Records from a data collection:
#####

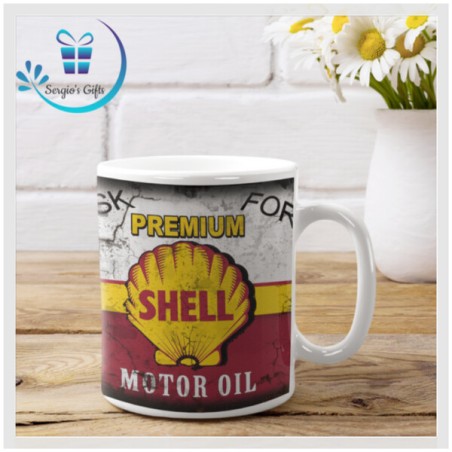 Shell Motor Oil Brand Coffee Mug
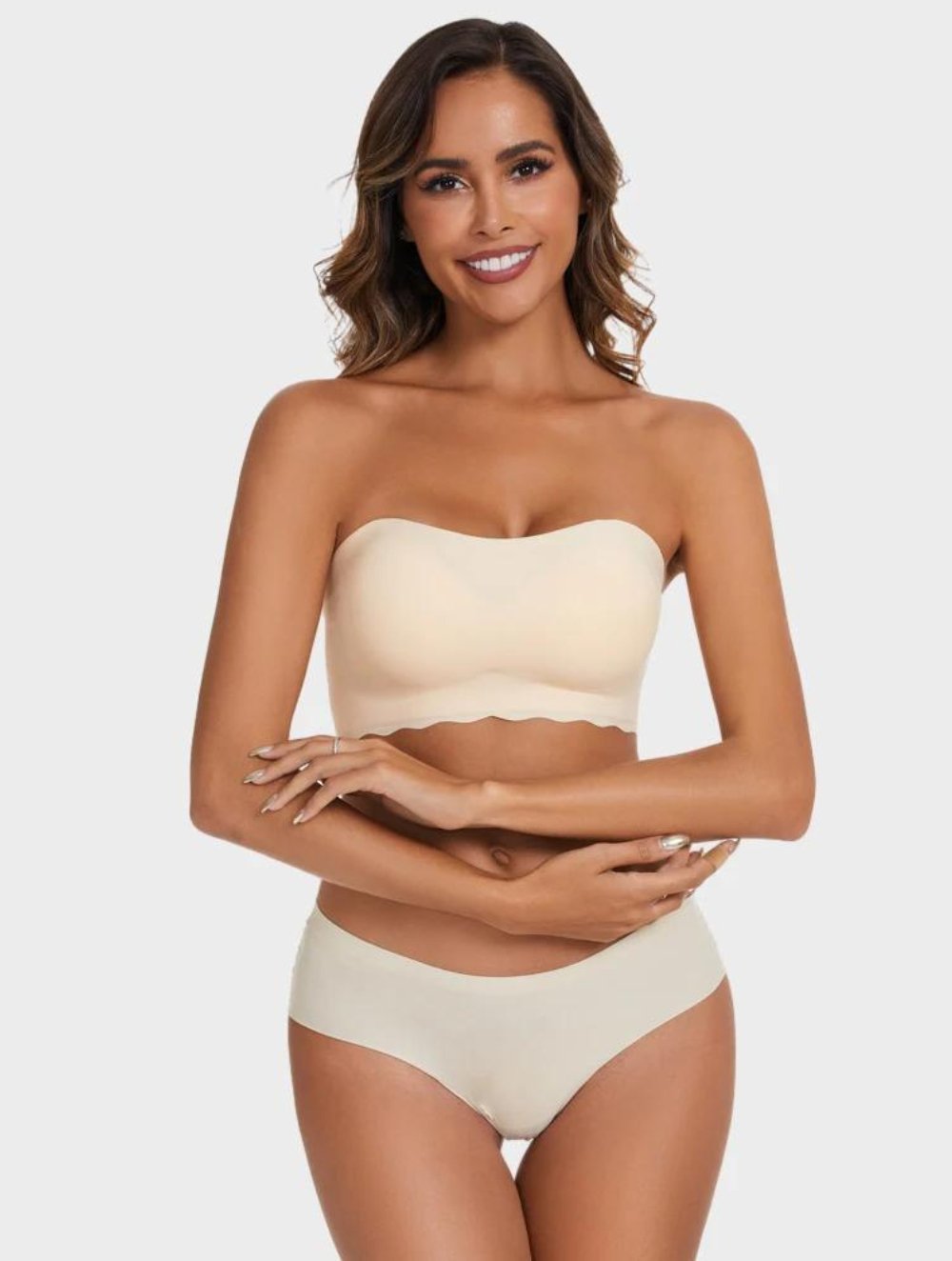 Seamless Strapless Bandeau Bra for Women | Nathalie 50 115 F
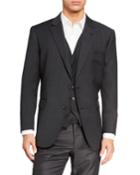 Men's Wool Modern Fit Three-piece Vested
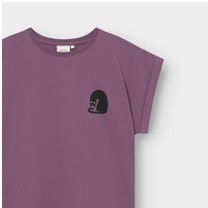 Dedicated Dedicated T-Shirt Visby Curious Cat Berry Purple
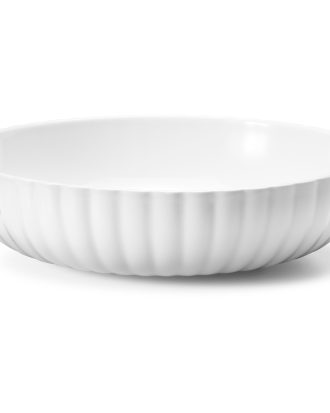 Georg Jensen Bernadotte Pastatallrik 194 Mm - Pastatallrikar Porslin Vit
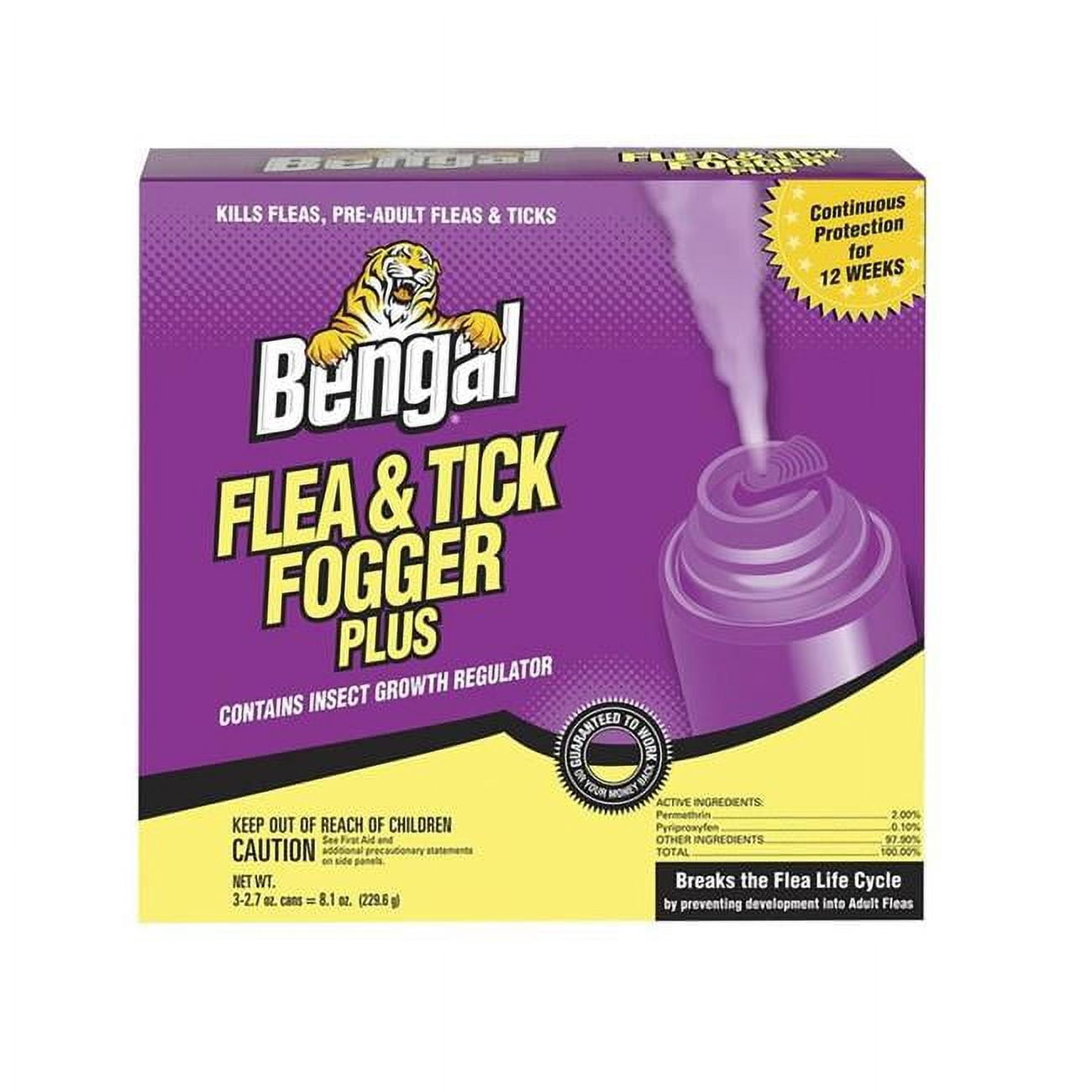 Bengal Products 3.3 oz Fogger Flea & Tick, Pack of 6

#####

PROBLEM DESCRIPTION: Repeat each of the records exactly as written, except for the pictures, which are to be left out.

TASK OUTPUT:
 Shell Motor Oil Brand Coffee Mug
 Seamless Strapless Bandeau Bra for Women | Nathalie 50 115 F
 Men's Wool Modern Fit Three-piece Vested
 Dedicated Dedicated T-Shirt Visby Curious Cat Berry Purple
 Georg Jensen Bernadotte Pastatallrik 194 Mm - Pastatallrikar Porslin Vit
 Bengal Products 3.3 oz Fogger Flea & Tick, Pack of 6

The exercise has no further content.